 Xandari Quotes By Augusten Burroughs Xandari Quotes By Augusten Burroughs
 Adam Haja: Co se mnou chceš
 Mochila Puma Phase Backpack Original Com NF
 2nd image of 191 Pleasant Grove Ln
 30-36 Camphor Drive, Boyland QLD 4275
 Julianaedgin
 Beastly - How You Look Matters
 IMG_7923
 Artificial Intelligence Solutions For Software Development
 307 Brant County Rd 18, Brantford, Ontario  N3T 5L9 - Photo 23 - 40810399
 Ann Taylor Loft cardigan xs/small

...

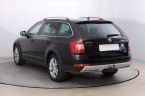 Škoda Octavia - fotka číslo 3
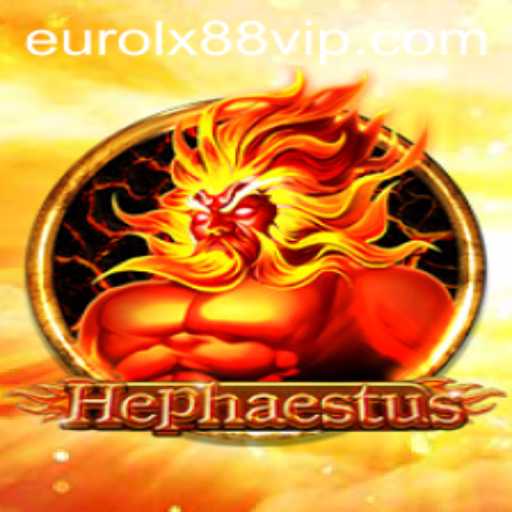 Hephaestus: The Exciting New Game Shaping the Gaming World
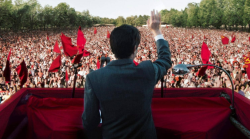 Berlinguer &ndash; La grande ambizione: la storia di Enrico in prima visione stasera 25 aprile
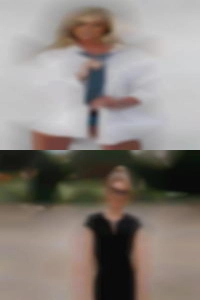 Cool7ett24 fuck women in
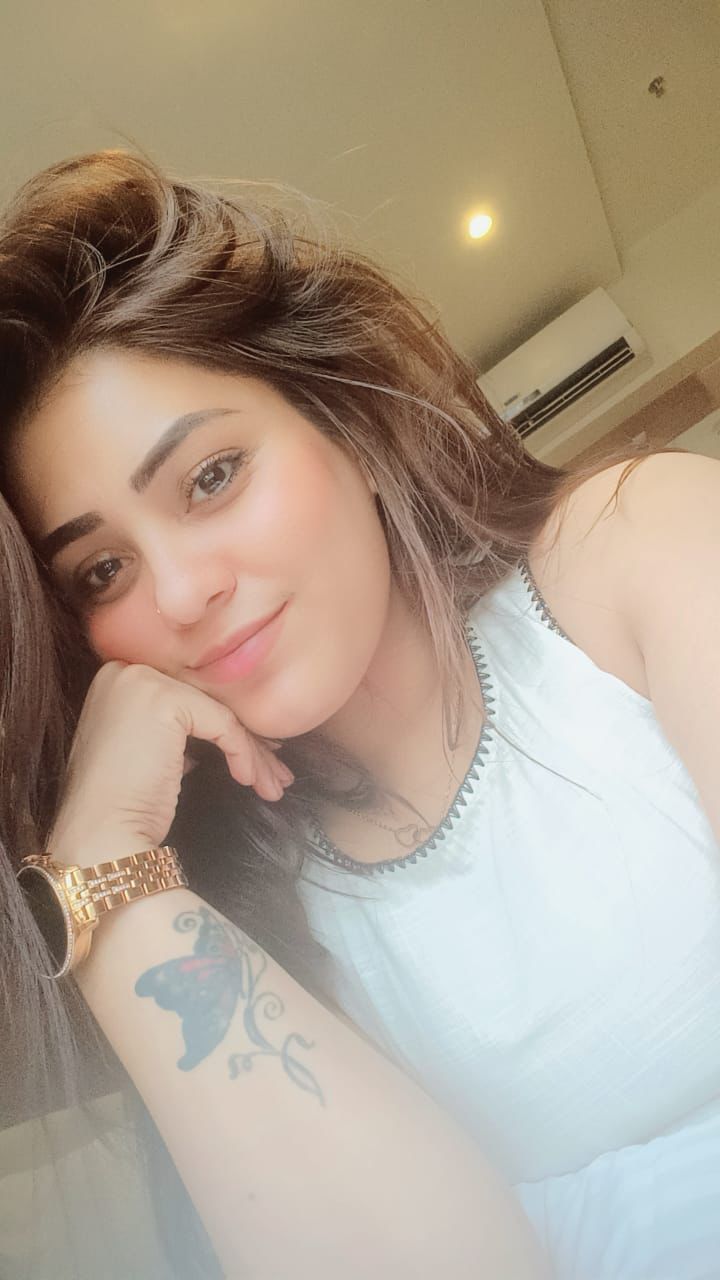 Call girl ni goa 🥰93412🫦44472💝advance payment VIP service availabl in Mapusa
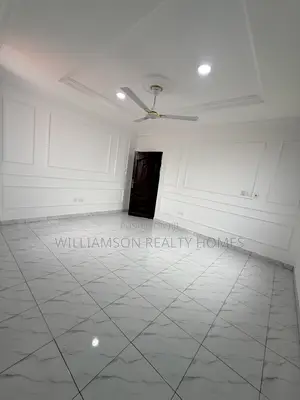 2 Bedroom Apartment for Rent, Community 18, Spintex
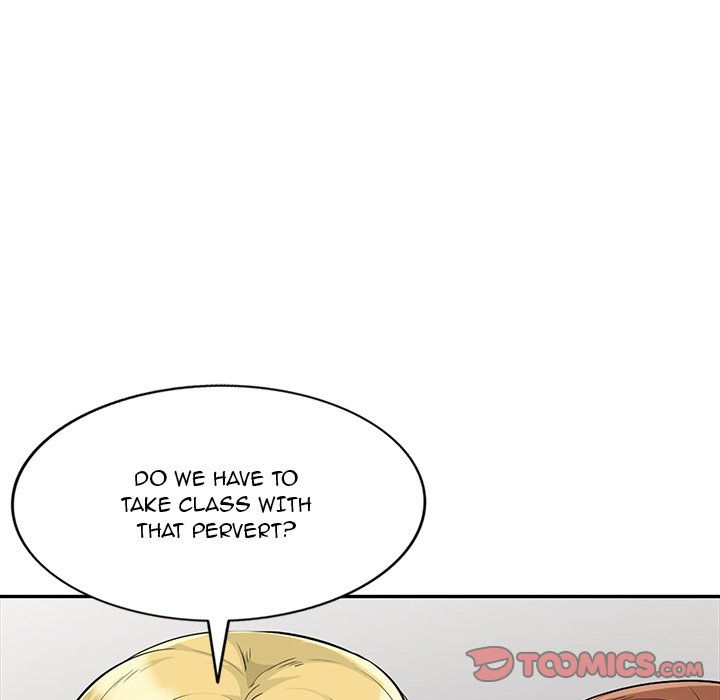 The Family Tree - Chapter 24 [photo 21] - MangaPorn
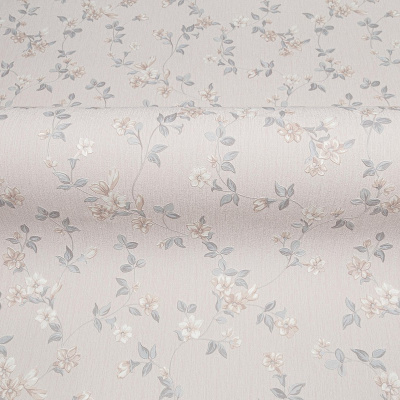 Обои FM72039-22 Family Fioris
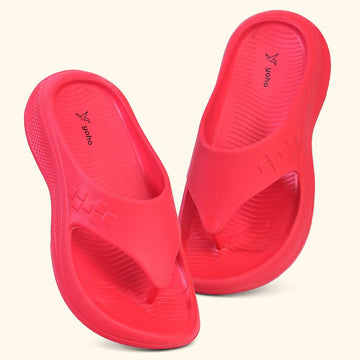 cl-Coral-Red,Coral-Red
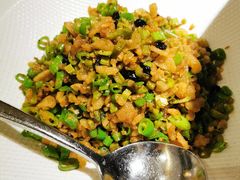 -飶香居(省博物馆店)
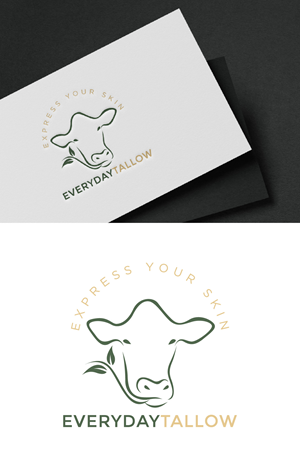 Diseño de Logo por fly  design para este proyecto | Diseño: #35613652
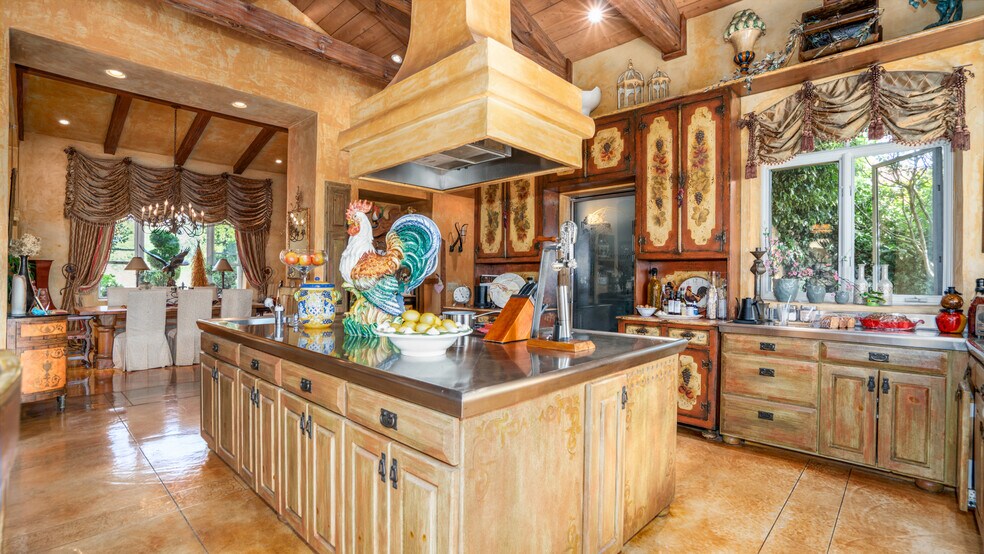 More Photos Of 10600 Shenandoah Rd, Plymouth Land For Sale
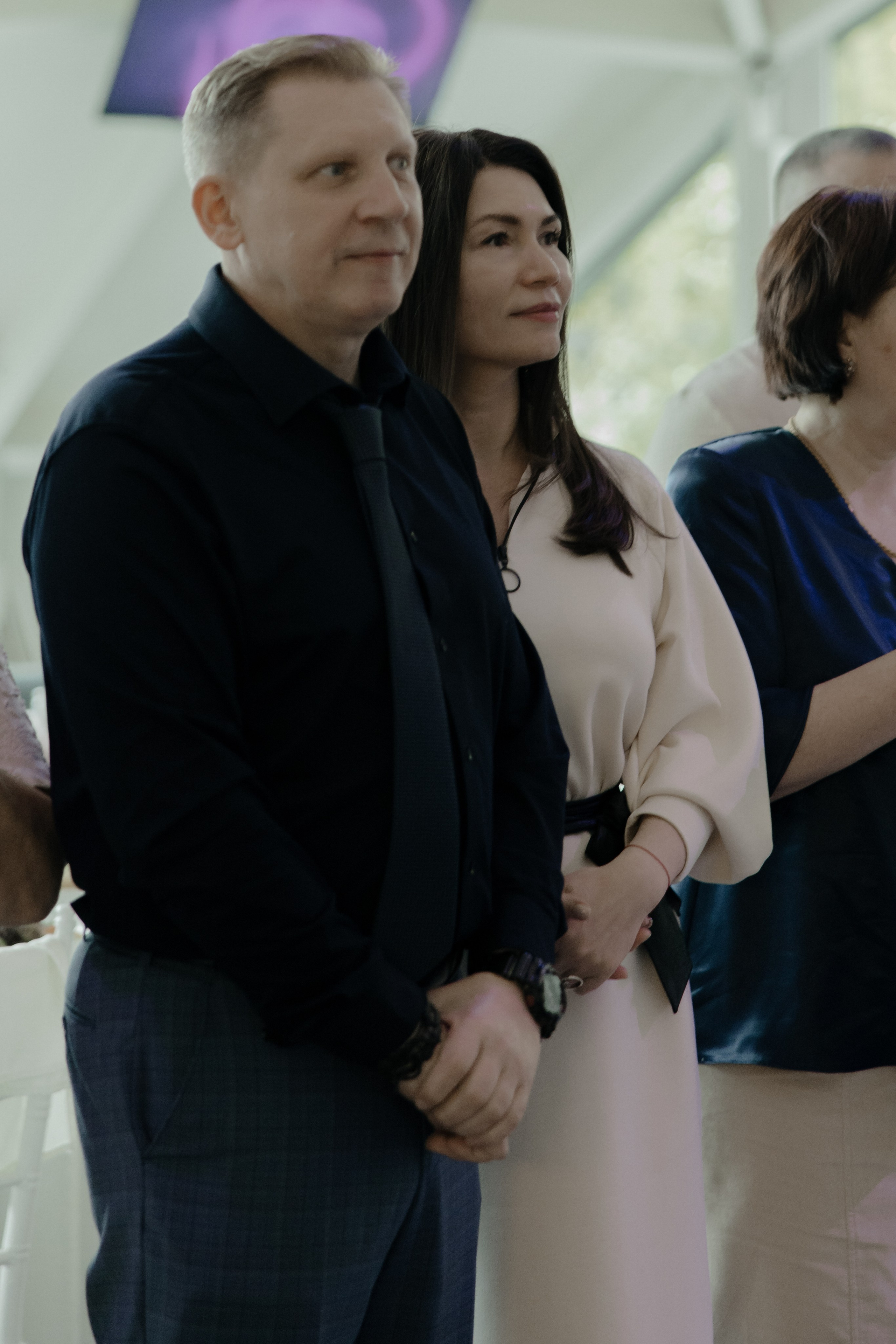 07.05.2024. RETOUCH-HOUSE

### YOUR INSTRUCTIONS
Could you return exactly the lines above from the line with "2nd image of 191 Pleasant Grove Ln" to the line with "Ann Taylor Loft cardigan xs/small", both included, and nothing else?

### PROBLEM SOLUTION
 2nd image of 191 Pleasant Grove Ln
 30-36 Camphor Drive, Boyland QLD 4275
 Julianaedgin
 Beastly - How You Look Matters
 IMG_7923
 Artificial Intelligence Solutions For Software Development
 307 Brant County Rd 18, Brantford, Ontario  N3T 5L9 - Photo 23 - 40810399
 Ann Taylor Loft cardigan xs/small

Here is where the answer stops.